Required action:
A single number is wanted: how many lines of the data include the string "with".

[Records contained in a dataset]
________________

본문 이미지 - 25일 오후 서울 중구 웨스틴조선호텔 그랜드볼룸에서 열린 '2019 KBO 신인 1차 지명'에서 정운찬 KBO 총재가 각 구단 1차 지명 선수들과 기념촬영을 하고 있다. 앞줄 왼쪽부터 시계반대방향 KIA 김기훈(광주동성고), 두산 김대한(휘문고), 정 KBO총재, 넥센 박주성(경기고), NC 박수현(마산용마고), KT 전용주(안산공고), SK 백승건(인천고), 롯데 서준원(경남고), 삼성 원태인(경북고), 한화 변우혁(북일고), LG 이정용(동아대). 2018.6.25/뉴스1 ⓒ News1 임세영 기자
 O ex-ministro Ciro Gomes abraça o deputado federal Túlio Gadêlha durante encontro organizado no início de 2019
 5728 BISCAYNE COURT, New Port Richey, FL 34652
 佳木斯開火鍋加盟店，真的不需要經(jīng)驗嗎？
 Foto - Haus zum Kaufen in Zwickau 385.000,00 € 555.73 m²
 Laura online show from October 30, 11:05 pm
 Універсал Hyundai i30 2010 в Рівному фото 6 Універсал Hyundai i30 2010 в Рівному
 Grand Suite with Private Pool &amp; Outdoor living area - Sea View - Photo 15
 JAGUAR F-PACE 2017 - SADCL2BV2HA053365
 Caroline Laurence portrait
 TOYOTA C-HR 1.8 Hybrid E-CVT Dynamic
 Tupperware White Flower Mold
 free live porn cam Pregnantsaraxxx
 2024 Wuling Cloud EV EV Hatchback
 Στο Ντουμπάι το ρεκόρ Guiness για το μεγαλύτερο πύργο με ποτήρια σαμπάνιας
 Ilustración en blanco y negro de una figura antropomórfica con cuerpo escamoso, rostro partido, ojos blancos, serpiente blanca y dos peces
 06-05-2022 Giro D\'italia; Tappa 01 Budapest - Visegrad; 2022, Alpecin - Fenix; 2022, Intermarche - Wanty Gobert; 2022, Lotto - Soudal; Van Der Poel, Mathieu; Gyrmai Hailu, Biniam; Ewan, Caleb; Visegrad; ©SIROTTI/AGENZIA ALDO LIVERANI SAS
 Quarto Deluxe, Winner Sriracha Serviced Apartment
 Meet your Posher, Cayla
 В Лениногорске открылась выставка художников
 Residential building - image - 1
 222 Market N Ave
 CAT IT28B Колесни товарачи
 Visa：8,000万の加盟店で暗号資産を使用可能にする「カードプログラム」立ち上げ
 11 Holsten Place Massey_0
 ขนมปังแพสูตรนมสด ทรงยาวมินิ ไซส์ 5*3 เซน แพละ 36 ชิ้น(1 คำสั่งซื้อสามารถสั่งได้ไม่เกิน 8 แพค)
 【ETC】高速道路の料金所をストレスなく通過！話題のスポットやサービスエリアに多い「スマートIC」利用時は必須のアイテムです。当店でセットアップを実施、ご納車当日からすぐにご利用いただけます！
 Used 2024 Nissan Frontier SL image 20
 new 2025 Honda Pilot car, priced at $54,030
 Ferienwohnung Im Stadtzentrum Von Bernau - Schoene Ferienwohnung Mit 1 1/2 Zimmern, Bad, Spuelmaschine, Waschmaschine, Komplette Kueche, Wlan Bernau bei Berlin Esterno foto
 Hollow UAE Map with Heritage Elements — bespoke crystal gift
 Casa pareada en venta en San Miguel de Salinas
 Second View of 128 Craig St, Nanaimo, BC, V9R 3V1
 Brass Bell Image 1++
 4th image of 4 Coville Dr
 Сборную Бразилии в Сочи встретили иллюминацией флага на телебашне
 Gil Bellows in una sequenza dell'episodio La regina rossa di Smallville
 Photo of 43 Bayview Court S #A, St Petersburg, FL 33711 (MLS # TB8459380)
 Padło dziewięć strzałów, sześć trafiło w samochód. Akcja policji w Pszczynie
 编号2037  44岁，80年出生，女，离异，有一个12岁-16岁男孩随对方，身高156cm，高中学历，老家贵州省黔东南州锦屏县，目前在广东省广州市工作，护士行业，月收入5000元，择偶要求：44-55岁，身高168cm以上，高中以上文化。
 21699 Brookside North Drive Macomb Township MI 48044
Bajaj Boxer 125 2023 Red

________________

Result of this task:
2